Repository: https://github.com/isaac-for-healthcare/i4h-workflows

SO-ARM Starter Workflow

🔬 Overview

The SO-ARM Starter Workflow demonstrates autonomous surgical instrument handling with the SO-ARM101 robotic arm and an NVIDIA GR00T N1.5 vision-language policy. You can collect teleoperation data in NVIDIA Isaac Sim or on real hardware, train or fine-tune the policy on your data, and then deploy to simulation or a physical SO-ARM101.

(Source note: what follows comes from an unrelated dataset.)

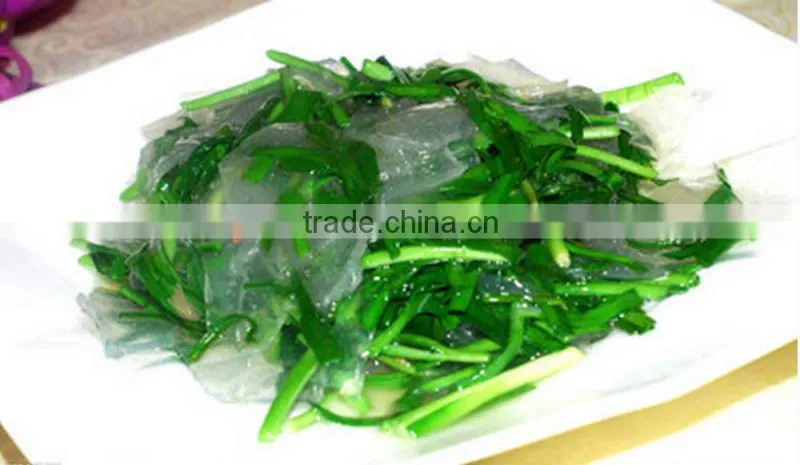 nutrition radix puerariae lobata powder,kudzuvine root powder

The SO-ARM Starter workflow consists of three main phases: data collection, model training, and policy deployment. Each phase can be run independently or as part of a complete pipeline.

📋 Table of Contents

• 🔬 Overview
• Setup
• Hardware Requirements
• Software Requirements
• RTI Connext DDS Prerequisites
• Enable SO-ARM101 Serial Communication
• Set up the Real Scene (Optional)
• 🤖 Quick Start: Deploy the Default Policy in Simulation
• 🤖 Quick Start: Deploy the Default Policy to Real SO-ARM Hardware
• Guide: Collect Data with SO-ARM101 Leader or Keyboard
• 🎯 Guide: Fine-tune a Policy for SO-ARM101
• 🚀 Guide: Deploy a Custom Policy
• User Guide: Workflow CLI Commands
• 🛠️ Troubleshooting
• 📊 Latency Benchmarking
• References

Setup

Hardware Requirements

This workflow supports the following platforms:

Platform	Supports	Additional Notes
x86_64 Workstation	Simulation, training, and real deployment	Requires Intel or AMD CPU and NVIDIA GPU (Ampere or later) with ≥30GB GDDR6/HBM RAM
NVIDIA DGX Spark Workstation	Simulation, training, and real deployment	Append --docker-file=workflows/so_arm_starter/docker/dgx.Dockerfile to demo commands, or update the metadata dockerfile field
NVIDIA Jetson Thor	Deployment	Append --docker-file=workflows/so_arm_starter/docker/dgx.Dockerfile to demo commands, or update the metadata dockerfile field
NVIDIA Jetson Orin	Deployment	Append --docker-file=workflows/so_arm_starter/docker/orin.Dockerfile --as-root to demo commands, or update the metadata dockerfile field

• SO-ARM101 Robotic Arm Developer Kit: This 6-degree-of-freedom (6-DOF) manipulator provides the mechanical foundation for the SO-ARM Starter workflow. For detailed specifications and hardware recommendations, see the official SO‑ARM 101 hardware recommendations.
• SO-ARM101 Follower Arm: 6DOF robot manipulator with gripper and wrist-mounted camera module.
• SO-ARM101 Leader Arm: 6DOF teleoperation interface for data collection.
• External USB Camera: An external USB camera (not an integrated laptop camera) with 1080p resolution and 30fps capability.
• Props for Default Deployment: If demoing the default policy on real hardware, you will need to recreate the surgical scene with a table, scissors, and a tray matching the training environment.

Platform-Specific Notes

DGX Spark / Orin / Thor:

• Build times may be longer (~20-60 minutes) due to compilation of architecture-specific dependencies.
• Ensure sufficient disk space (50GB+) for build cache.
• The ARM64 SBSA and Tegra iGPU Dockerfiles (dgx.Dockerfile, orin.Dockerfile use base images that are optimized for the ARM64 architecture. The SBSA container is compatible with DGX Spark or Jetson AGX Thor platforms, whereas the iGPU container is compatible with Jetson Orin (Jetpack 6.x) platforms.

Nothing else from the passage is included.